WHAT NEEDS TO BE DONE = Beginning at the line with "1000% Bearbrick Monkey Sign (Banksy)" in the records below, return each line up to and including the last, exactly as it stands, but not the pictures.

Items from a dataset

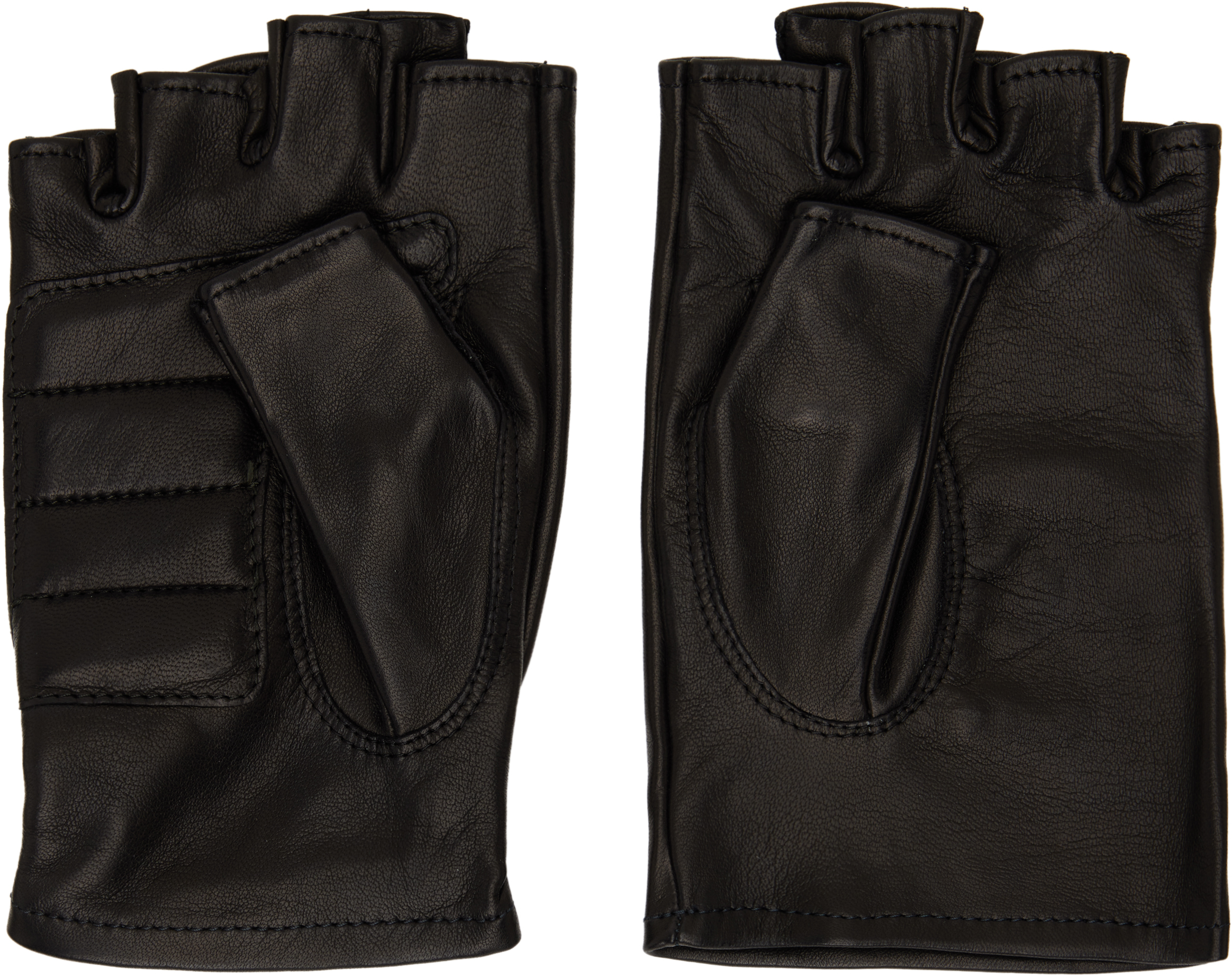 小物 OUR LEGACY MIS MATCH GLOVE BLACK LEATHER Black Mis Match Gloves – On Sale Now with Up to 10% Off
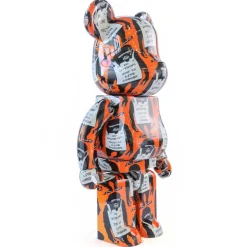 1000% Bearbrick Monkey Sign (Banksy)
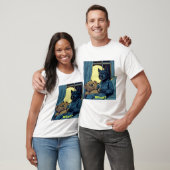 T-shirt Bébé Loup-Garou ! (Unisexe)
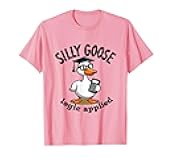 Silly Goose Logic Applied Humorous Design T-Shirt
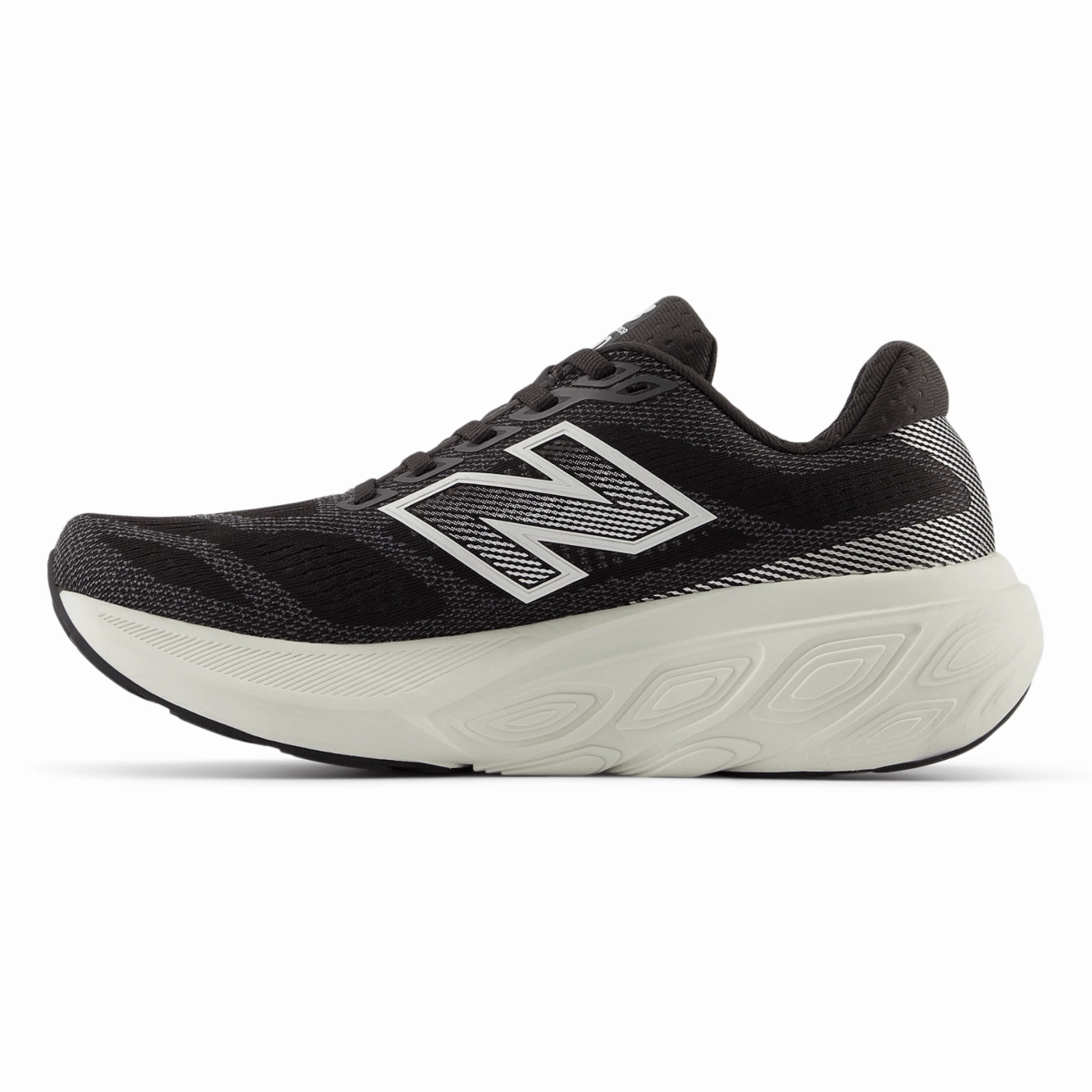 athletic chic New Balance Women's Fresh Foam X 880v15 W880H15 Black Cement/Sea Salt/Silver Metallic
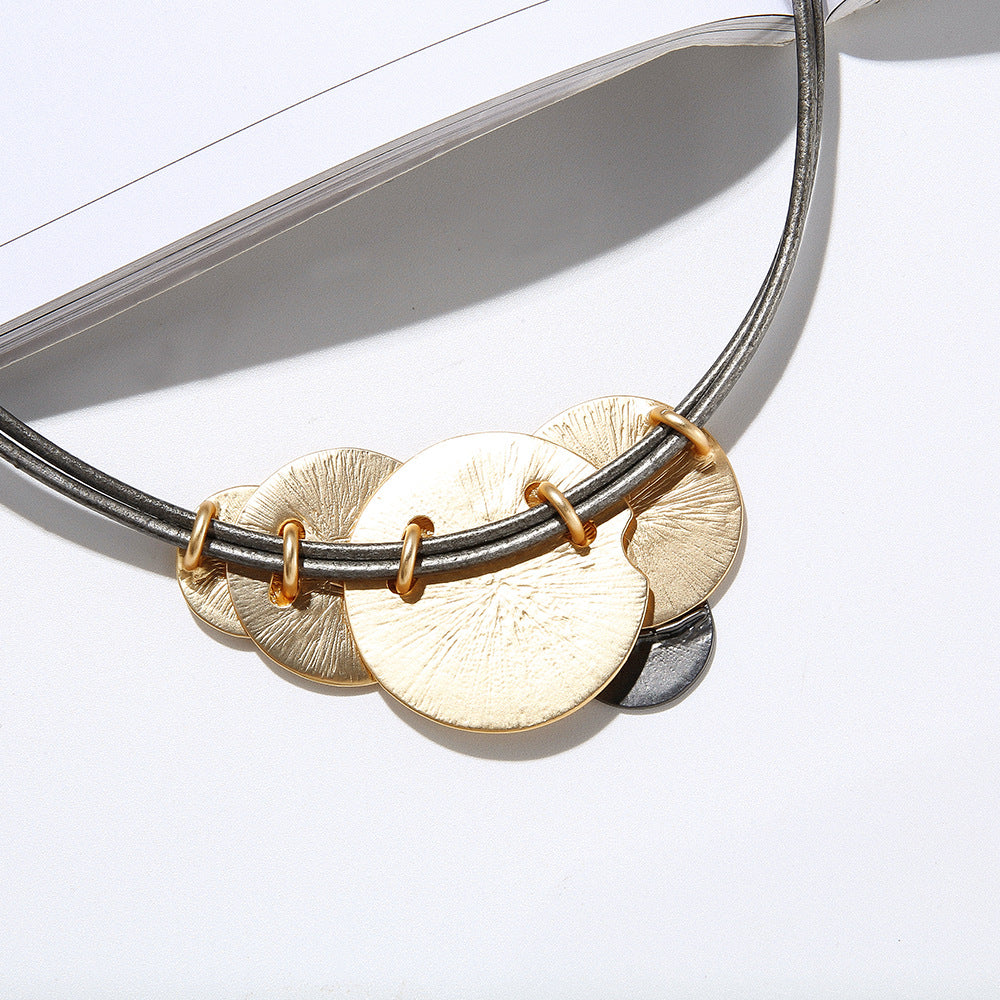 Vintage Classy Women Clavicle Necklaces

EXPECTED ANSWER =
 1000% Bearbrick Monkey Sign (Banksy)
 T-shirt Bébé Loup-Garou ! (Unisexe)
 Silly Goose Logic Applied Humorous Design T-Shirt
 athletic chic New Balance Women's Fresh Foam X 880v15 W880H15 Black Cement/Sea Salt/Silver Metallic
 Vintage Classy Women Clavicle Necklaces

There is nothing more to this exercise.